> _About this exercise_:
Retype the line with "Audi Q3 2022 из CN, фото 4" exactly. Then retype every line after it through the end of the entries below, and nothing more, leaving out pictures.

BEGIN Source data

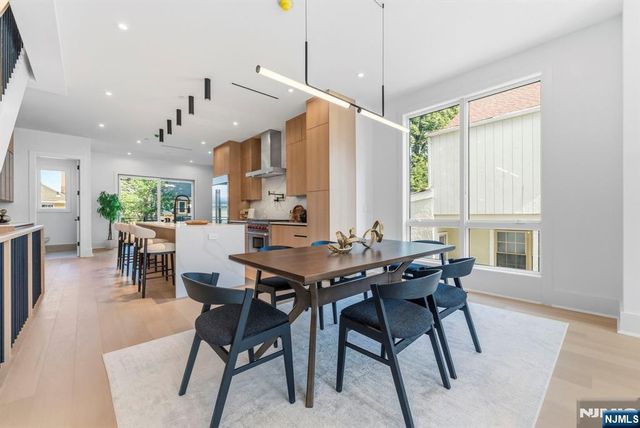 1017 Kingsland Lane, Fort Lee, NJ 07024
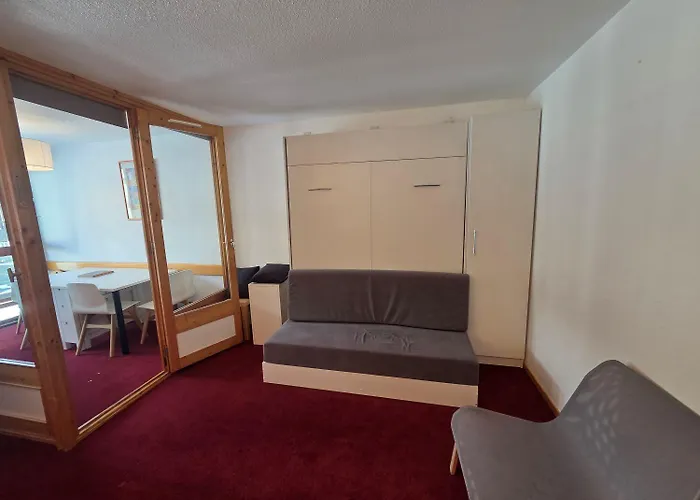 Daire L Eskival Val Tho In Out *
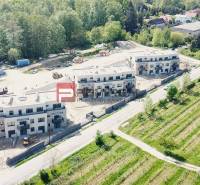 Új épületek a Limbašská úton, Pezinokban, zöldövezet és építés alatt álló területek által körülvéve.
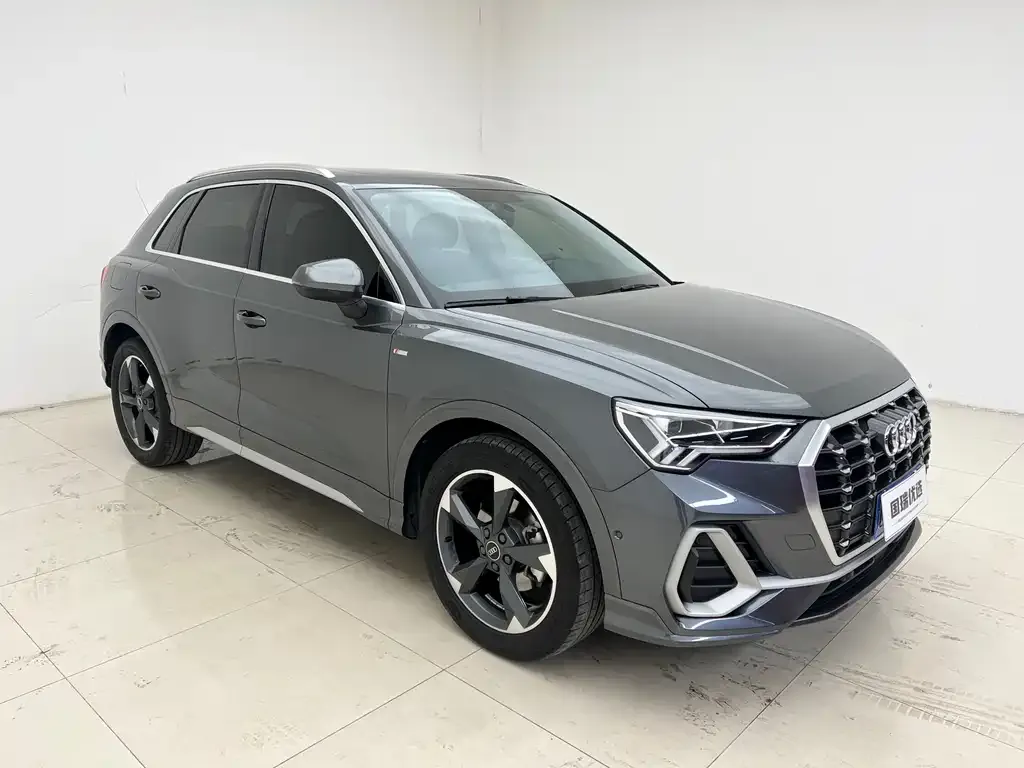Audi Q3 2022 из CN, фото 4
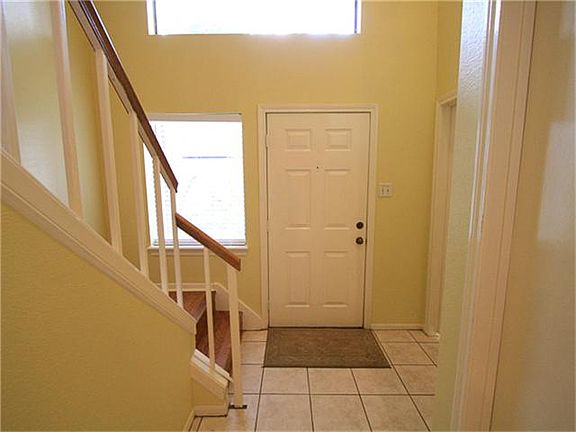 High ceilings by the front door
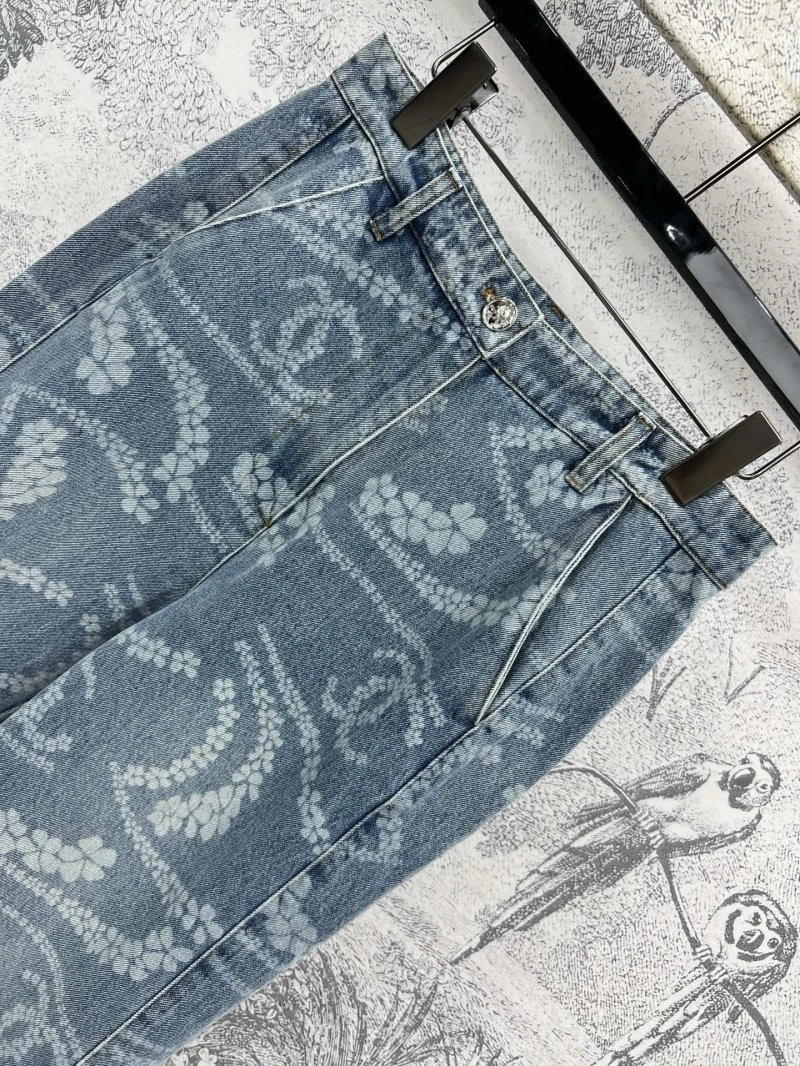 Attractive Chanel Jeans 108194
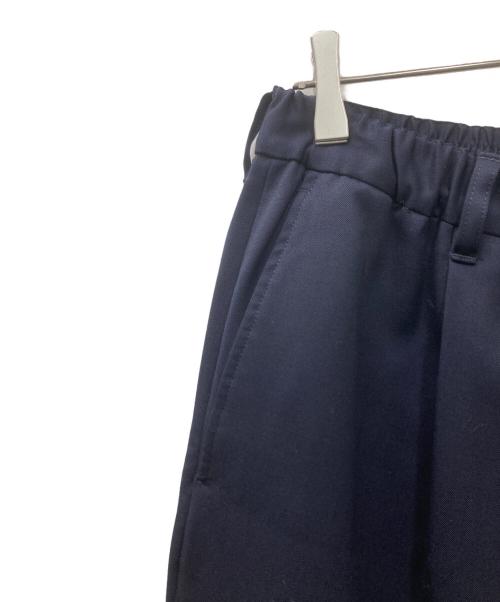 UNIVERSAL PRODUCTS.（ユニバーサルプロダクツ）UNIVERSAL PRODUCTS. (ユニバーサルプロダクツ) 23AW EASY TROUSERS タックワイドパンツ ネイビー サイズ:3の古着・服飾アイテム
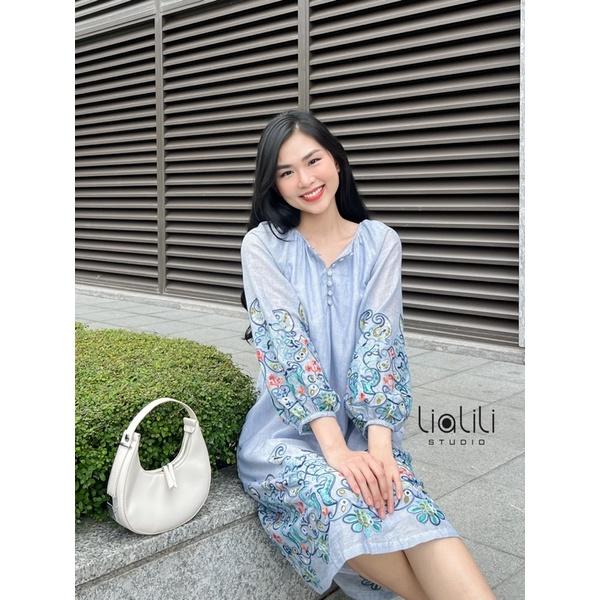 Đầm lửng thêu hoa ,chất kate thêu hoa -Thiết kế từ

END Source data

> _Expected output_:
Audi Q3 2022 из CN, фото 4
 High ceilings by the front door
 Attractive Chanel Jeans 108194
 UNIVERSAL PRODUCTS.（ユニバーサルプロダクツ）UNIVERSAL PRODUCTS. (ユニバーサルプロダクツ) 23AW EASY TROUSERS タックワイドパンツ ネイビー サイズ:3の古着・服飾アイテム
 Đầm lửng thêu hoa ,chất kate thêu hoa -Thiết kế từ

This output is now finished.